Not enough parameters in 4b config.json
#14
by
krammnic
- opened
Hello there!
We are adding Gemma3 to the torchtune: https://github.com/pytorch/torchtune/pull/2485
Unfortunately, it seems to me that there are not enough parameters in config.json the 4b model.
For instance, let's compare 4B "text_config" and 12B "text_config"
4B:
"text_config": {
"hidden_size": 2560,
"intermediate_size": 10240,
"model_type": "gemma3_text",
"num_hidden_layers": 34,
"rope_scaling": {
"factor": 8.0,
"rope_type": "linear"
},
"sliding_window": 1024
},
12B
"text_config": {
"hidden_size": 3840,
"intermediate_size": 15360,
"model_type": "gemma3_text",
"num_attention_heads": 16,
"num_hidden_layers": 48,
"num_key_value_heads": 8,
"rope_scaling": {
"factor": 8.0,
"rope_type": "linear"
},
"sliding_window": 1024
},
If it is a desired config for some reason, please let me know.
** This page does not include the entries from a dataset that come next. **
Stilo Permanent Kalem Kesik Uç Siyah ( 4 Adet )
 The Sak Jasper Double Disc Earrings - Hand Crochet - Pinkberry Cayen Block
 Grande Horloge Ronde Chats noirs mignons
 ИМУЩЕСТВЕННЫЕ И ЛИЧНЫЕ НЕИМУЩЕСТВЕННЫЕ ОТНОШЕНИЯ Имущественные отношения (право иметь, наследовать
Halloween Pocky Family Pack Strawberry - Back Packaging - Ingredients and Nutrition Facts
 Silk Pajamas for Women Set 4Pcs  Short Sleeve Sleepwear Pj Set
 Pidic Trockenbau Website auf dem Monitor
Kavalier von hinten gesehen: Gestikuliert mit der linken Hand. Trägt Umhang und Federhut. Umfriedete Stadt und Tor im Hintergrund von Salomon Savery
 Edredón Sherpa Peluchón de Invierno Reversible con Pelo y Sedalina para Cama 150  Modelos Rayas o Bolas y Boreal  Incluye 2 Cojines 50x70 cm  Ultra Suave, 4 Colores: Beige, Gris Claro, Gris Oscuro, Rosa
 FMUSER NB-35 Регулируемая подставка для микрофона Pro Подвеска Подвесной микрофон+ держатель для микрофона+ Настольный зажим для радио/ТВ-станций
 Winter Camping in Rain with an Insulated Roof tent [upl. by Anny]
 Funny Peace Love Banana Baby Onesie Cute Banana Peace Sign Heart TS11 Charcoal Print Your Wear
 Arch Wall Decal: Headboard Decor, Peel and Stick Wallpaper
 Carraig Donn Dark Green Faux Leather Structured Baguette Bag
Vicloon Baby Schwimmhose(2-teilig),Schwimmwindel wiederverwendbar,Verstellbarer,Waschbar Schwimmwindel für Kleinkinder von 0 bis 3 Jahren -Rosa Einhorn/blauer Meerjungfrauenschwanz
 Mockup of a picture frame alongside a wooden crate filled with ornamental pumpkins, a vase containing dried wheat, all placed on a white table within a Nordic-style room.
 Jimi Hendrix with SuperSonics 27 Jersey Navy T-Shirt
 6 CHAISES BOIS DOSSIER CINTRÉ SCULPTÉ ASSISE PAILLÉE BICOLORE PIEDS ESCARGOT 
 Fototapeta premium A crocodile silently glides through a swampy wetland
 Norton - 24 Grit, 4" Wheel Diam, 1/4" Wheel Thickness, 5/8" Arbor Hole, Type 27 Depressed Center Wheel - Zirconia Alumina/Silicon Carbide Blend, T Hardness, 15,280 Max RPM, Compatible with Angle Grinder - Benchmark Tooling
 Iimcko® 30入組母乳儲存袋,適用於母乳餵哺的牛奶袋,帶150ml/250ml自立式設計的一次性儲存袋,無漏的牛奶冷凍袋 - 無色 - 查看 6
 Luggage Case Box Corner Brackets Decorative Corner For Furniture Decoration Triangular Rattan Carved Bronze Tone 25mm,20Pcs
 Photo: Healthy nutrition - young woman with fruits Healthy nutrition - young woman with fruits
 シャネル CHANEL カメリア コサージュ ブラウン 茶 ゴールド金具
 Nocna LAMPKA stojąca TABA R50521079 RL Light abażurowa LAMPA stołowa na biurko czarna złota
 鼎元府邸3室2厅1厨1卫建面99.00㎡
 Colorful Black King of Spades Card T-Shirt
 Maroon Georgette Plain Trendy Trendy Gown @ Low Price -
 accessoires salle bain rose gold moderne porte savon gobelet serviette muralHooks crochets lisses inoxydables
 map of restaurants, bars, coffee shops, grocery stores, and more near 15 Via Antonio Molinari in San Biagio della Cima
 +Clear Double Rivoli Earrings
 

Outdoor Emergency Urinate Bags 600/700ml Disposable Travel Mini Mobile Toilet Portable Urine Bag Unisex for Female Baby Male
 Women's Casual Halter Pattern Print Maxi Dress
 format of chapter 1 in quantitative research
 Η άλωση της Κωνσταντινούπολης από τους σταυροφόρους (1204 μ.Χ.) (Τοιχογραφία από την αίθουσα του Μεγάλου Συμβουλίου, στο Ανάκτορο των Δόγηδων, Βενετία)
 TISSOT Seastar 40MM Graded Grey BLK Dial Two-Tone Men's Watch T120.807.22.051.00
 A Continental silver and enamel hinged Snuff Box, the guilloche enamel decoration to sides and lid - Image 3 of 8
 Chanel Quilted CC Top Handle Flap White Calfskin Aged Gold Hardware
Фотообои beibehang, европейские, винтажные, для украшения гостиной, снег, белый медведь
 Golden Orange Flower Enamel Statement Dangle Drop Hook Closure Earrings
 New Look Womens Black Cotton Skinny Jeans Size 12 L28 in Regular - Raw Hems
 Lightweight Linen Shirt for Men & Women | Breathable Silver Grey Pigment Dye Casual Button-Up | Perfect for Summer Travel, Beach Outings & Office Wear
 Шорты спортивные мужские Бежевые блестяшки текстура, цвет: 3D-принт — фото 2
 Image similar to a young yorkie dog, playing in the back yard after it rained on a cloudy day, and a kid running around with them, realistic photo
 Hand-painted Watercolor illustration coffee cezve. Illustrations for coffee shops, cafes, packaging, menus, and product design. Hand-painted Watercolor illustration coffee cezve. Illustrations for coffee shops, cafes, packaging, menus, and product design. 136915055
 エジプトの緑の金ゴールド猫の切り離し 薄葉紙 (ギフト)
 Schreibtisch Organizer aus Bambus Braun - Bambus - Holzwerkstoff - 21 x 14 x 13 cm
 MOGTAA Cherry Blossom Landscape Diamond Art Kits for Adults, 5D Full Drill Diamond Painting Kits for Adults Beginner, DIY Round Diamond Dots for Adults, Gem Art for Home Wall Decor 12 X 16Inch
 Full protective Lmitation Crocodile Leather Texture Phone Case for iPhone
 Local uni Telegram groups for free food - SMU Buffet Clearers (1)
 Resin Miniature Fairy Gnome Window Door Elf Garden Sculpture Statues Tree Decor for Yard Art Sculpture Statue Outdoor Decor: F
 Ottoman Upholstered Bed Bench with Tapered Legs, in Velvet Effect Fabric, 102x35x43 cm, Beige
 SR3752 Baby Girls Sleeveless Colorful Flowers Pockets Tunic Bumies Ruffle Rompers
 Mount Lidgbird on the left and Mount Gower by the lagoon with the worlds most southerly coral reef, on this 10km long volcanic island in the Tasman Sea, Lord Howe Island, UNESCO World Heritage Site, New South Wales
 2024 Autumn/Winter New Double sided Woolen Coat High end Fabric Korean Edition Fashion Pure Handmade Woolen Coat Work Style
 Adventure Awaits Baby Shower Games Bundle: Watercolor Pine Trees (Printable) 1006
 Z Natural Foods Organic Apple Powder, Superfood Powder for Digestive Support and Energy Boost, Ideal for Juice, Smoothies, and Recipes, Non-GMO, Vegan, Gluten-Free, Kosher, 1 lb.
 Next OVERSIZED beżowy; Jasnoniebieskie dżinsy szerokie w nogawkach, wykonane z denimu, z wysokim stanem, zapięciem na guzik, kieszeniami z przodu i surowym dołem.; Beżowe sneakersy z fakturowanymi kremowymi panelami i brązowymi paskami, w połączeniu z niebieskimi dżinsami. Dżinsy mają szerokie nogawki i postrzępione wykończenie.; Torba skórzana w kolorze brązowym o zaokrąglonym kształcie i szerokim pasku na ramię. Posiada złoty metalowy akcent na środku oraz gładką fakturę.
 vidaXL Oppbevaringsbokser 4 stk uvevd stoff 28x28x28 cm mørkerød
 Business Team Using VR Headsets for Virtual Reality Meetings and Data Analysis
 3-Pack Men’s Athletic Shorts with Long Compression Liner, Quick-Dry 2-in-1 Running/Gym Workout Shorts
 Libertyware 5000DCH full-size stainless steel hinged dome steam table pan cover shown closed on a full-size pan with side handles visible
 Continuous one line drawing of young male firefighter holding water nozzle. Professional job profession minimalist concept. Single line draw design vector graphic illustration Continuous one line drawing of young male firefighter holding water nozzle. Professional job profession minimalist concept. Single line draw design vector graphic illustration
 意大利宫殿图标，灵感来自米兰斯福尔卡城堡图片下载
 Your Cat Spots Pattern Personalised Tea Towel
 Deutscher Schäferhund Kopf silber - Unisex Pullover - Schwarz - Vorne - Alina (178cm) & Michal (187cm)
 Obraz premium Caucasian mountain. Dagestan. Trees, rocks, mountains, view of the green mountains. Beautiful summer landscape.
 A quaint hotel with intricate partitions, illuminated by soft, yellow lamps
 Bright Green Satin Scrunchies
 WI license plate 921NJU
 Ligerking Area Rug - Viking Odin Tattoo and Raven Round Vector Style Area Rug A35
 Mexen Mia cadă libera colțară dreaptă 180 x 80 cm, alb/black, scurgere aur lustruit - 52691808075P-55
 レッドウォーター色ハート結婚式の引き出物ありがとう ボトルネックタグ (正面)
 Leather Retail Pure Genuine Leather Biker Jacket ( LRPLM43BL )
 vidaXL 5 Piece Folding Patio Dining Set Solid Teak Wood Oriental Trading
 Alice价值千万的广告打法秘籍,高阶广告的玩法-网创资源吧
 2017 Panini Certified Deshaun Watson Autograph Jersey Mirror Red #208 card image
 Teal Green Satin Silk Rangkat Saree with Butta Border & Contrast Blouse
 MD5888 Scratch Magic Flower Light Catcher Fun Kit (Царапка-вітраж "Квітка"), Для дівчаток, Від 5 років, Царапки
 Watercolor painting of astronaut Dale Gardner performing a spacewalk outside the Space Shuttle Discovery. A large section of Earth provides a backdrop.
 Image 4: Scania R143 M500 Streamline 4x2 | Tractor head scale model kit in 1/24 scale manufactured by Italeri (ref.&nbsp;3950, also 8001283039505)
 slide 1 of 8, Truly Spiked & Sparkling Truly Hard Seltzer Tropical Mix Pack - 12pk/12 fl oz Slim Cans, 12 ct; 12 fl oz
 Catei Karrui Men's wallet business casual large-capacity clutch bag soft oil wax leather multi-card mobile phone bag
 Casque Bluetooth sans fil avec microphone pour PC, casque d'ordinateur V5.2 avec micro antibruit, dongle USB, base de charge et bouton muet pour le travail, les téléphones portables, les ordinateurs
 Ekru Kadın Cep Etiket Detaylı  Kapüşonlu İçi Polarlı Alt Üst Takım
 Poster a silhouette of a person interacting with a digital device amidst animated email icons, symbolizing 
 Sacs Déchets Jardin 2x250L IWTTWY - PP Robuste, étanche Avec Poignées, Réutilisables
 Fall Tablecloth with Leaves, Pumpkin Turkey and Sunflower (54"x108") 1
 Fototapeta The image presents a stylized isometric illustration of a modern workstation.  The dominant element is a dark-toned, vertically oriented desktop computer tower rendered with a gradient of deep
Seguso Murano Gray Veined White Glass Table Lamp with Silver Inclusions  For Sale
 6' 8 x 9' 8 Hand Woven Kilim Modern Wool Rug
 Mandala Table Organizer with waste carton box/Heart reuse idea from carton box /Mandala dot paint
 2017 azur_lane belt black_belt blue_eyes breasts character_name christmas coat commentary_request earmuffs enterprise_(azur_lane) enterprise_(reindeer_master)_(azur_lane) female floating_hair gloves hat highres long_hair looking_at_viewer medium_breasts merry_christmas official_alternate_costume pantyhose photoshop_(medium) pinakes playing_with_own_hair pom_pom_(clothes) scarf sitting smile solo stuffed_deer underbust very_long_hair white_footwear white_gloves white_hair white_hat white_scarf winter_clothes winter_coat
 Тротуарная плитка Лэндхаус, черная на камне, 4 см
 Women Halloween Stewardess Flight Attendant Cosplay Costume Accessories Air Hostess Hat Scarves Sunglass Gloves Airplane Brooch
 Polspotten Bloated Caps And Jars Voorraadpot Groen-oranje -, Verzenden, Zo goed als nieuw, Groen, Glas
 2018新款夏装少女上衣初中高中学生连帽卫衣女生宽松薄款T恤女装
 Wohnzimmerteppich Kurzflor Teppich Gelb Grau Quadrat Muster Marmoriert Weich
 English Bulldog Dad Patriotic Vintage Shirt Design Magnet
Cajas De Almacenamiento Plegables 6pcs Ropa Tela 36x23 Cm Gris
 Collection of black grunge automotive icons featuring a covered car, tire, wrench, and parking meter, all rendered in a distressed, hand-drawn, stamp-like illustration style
Unfortunately, it makes the integration less clean, as this information is required on the converting stage.
Thanks!
same question about this
Hi,
Apologies for the late reply, these Gemma models are in different variants and in different parameters sizes (1b, 2b, 4b..etc). Based on the model requirements and architectural design these default parameters are configured in best suitable manner.
Thanks.